● **Exercise details**: Quote, exactly, the line holding "直肠癌大夫说切掉8公分严重吗,得了直肠癌要做手术吗" and all lines after it to the end of the records below. Exclude pictures.

● **Extracted records**:
—————
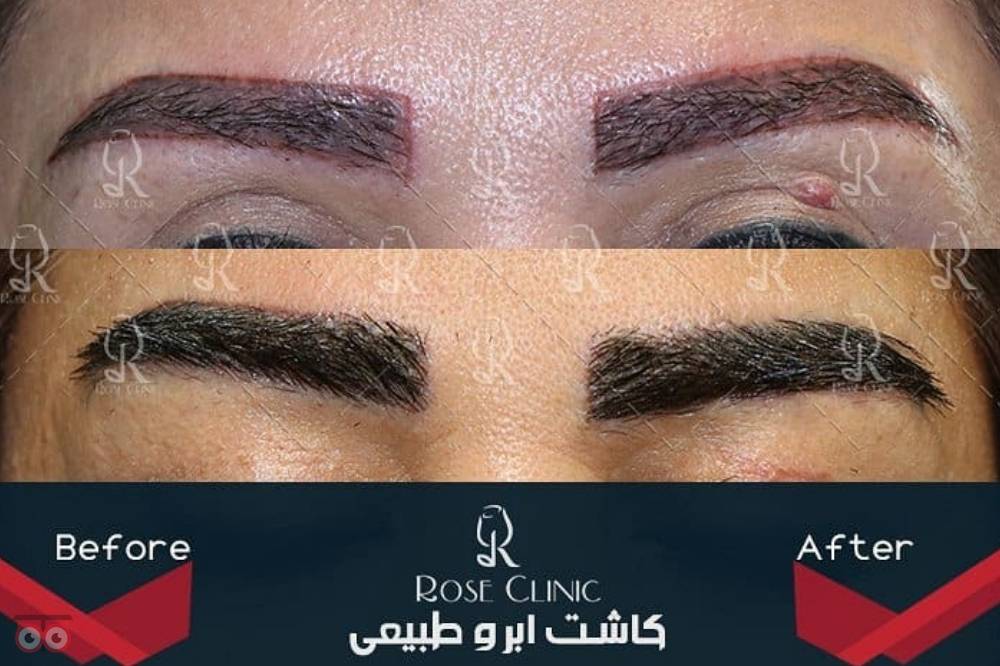 تمدید جشنواره کاشت تمدید جشنواره کاشت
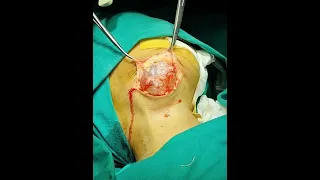 submandibular cystic lesion. excision. dr jalil mujawar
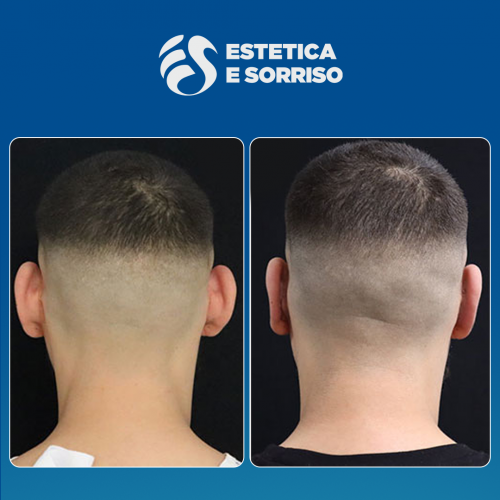 Estetica e Sorriso - Otoplastica (Gallery)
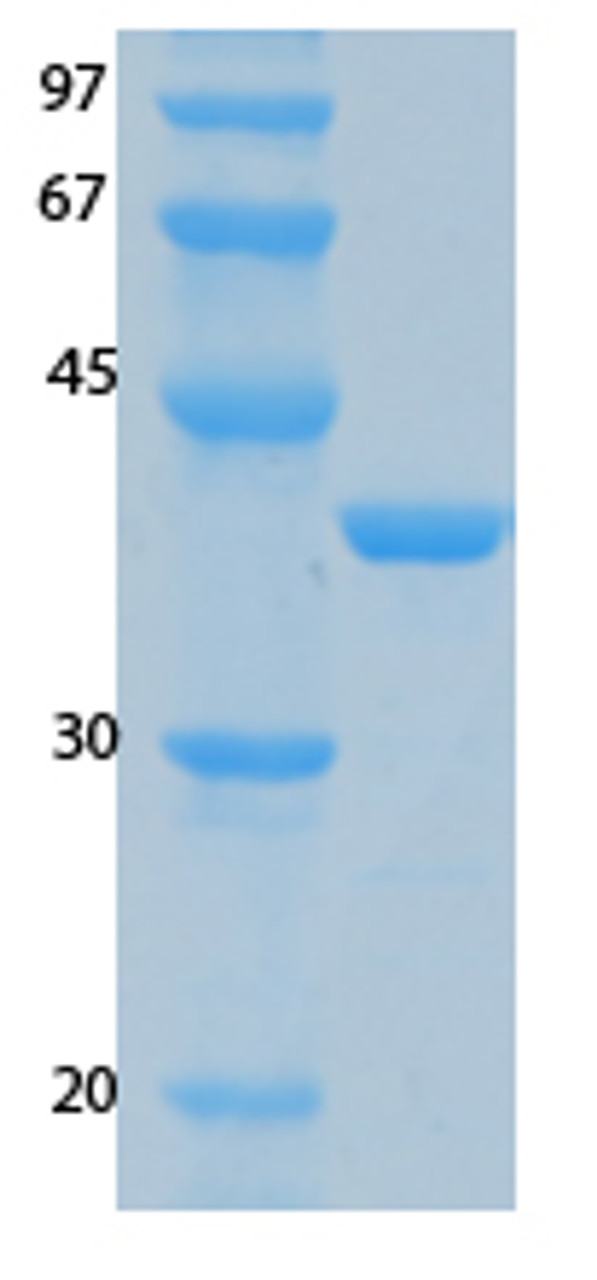 SARS-CoV-2 (COVID-19) NSP9 Recombinant Protein | 20-249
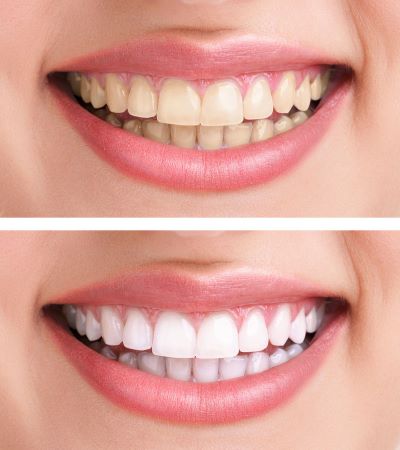 Images of a woman's smile before and after teeth whitening. In the before image, her teeth are yellow. In the after image, they are white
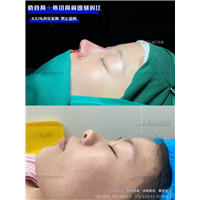 任静医生怎么样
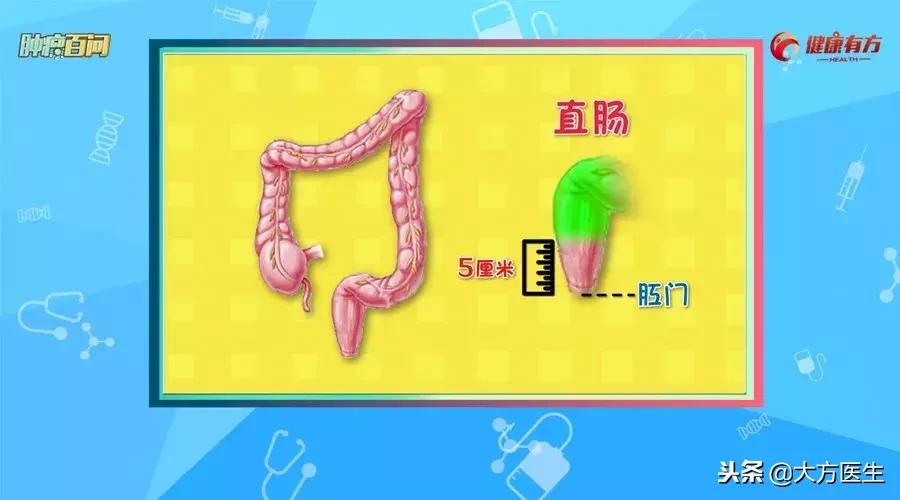 直肠癌大夫说切掉8公分严重吗,得了直肠癌要做手术吗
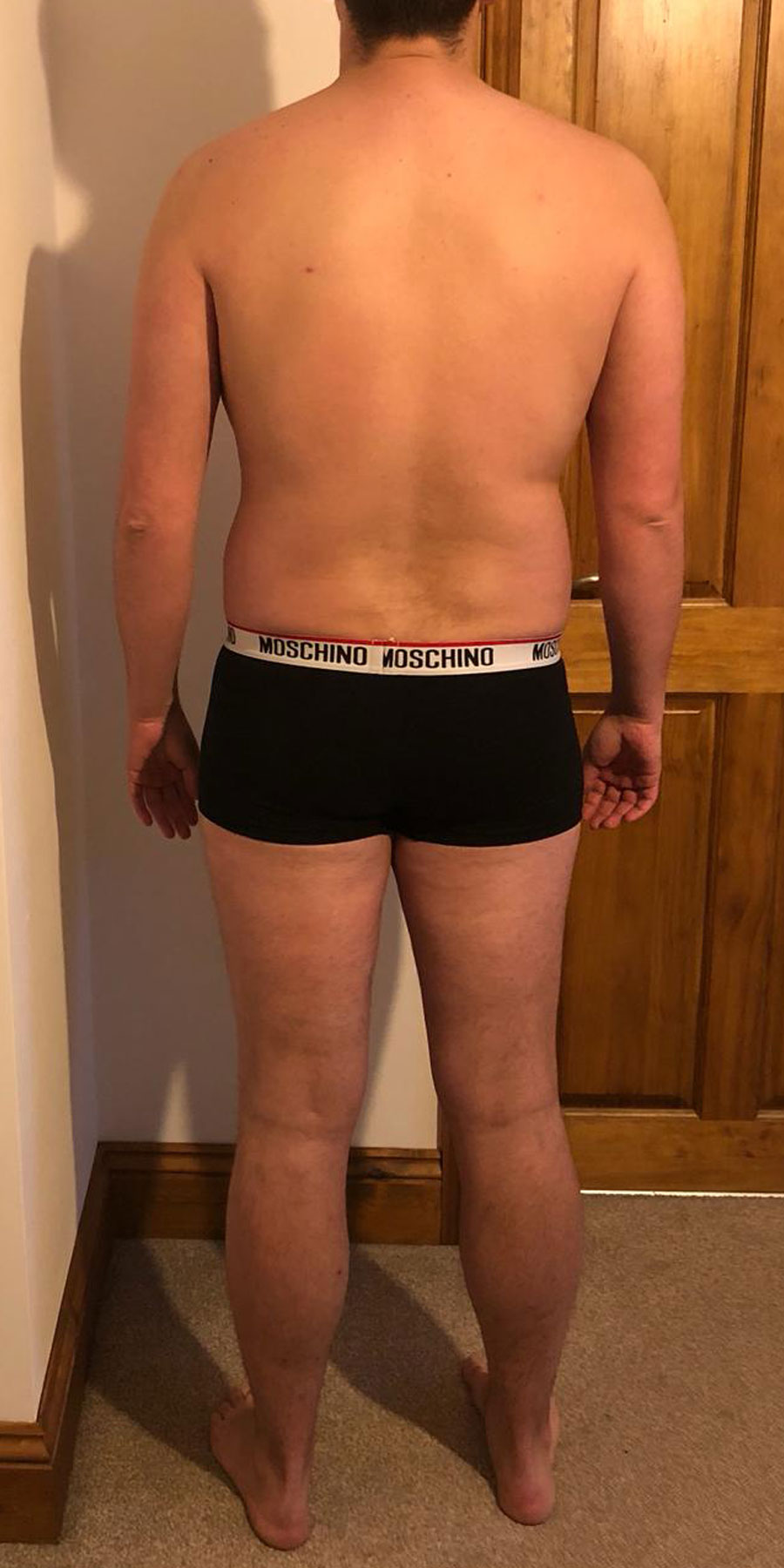 elliott-tucker-image3-before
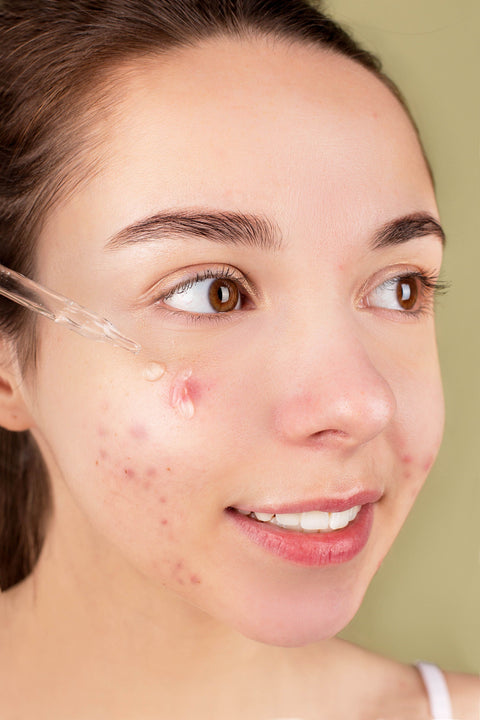 Close-up of a woman applying facial serum with a dropper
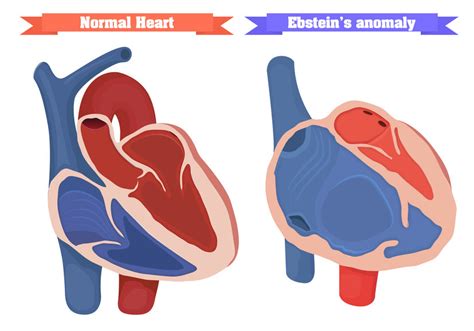 Congenital Heart Disease Symptoms And Treatment Pulse Cardiology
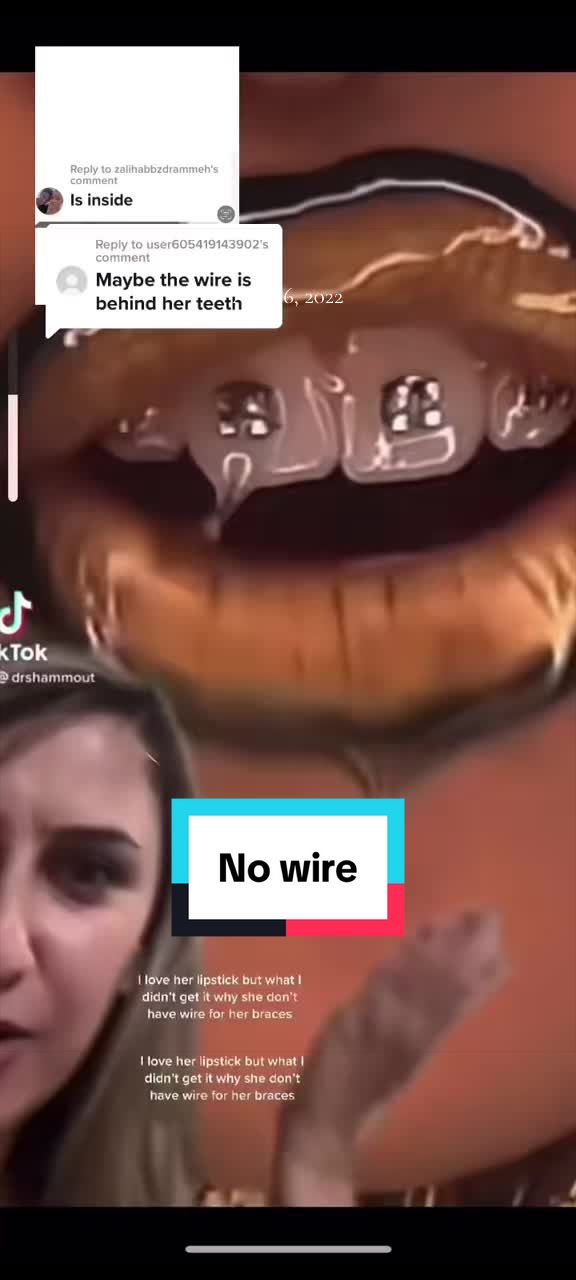@ðððð ðð¡ððŠðŠðšð®ð ðDS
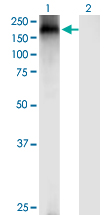 1 - TRPA1 Antibody (monoclonal) (M03) AT4367a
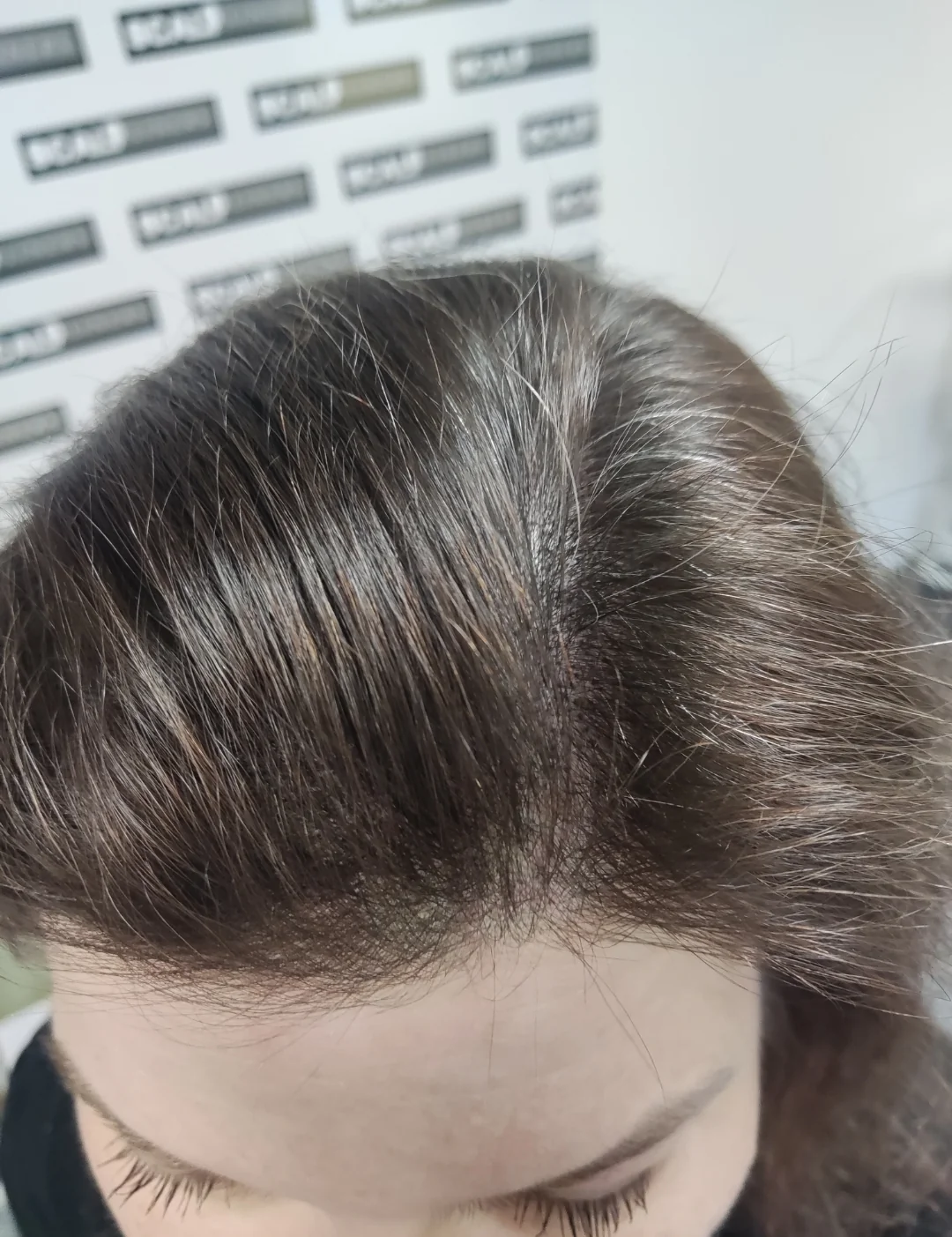 Women's scalp micropigmentation density result showing softer visible scalp in Kent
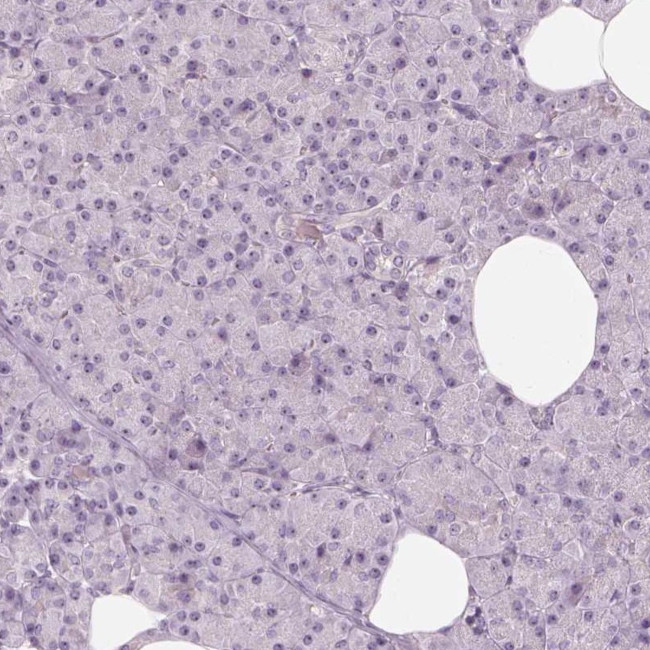 CDS1 Antibody in Immunohistochemistry (Paraffin) (IHC (P))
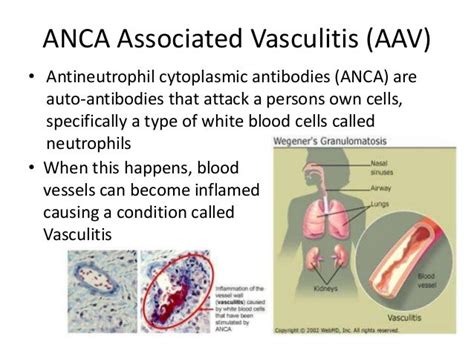 Genetically Distinct differences of ANCA-Associated Vasculitis Disord…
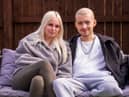 Kai Heslop at home with girlfriend Nicole Hughes following the surgery. Photo by Steven Lomas.
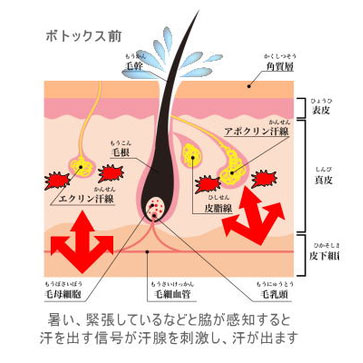 ボトックス前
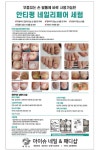 아이슈네일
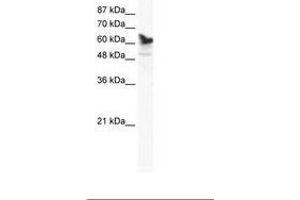 Image no. 1 for anti-DEAD (Asp-Glu-Ala-Asp) Box Polypeptide 41 (DDX41) (AA 447-496) antibody (ABIN202831) (DDX41 anticorps  (AA 447-496))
—————
● **Task result**:
 直肠癌大夫说切掉8公分严重吗,得了直肠癌要做手术吗
 elliott-tucker-image3-before
 Close-up of a woman applying facial serum with a dropper
 Congenital Heart Disease Symptoms And Treatment Pulse Cardiology
@ðððð ðð¡ððŠðŠðšð®ð ðDS
 1 - TRPA1 Antibody (monoclonal) (M03) AT4367a
 Women's scalp micropigmentation density result showing softer visible scalp in Kent
 CDS1 Antibody in Immunohistochemistry (Paraffin) (IHC (P))
 Genetically Distinct differences of ANCA-Associated Vasculitis Disord…
 Kai Heslop at home with girlfriend Nicole Hughes following the surgery. Photo by Steven Lomas.
 ボトックス前
 아이슈네일
 Image no. 1 for anti-DEAD (Asp-Glu-Ala-Asp) Box Polypeptide 41 (DDX41) (AA 447-496) antibody (ABIN202831) (DDX41 anticorps  (AA 447-496))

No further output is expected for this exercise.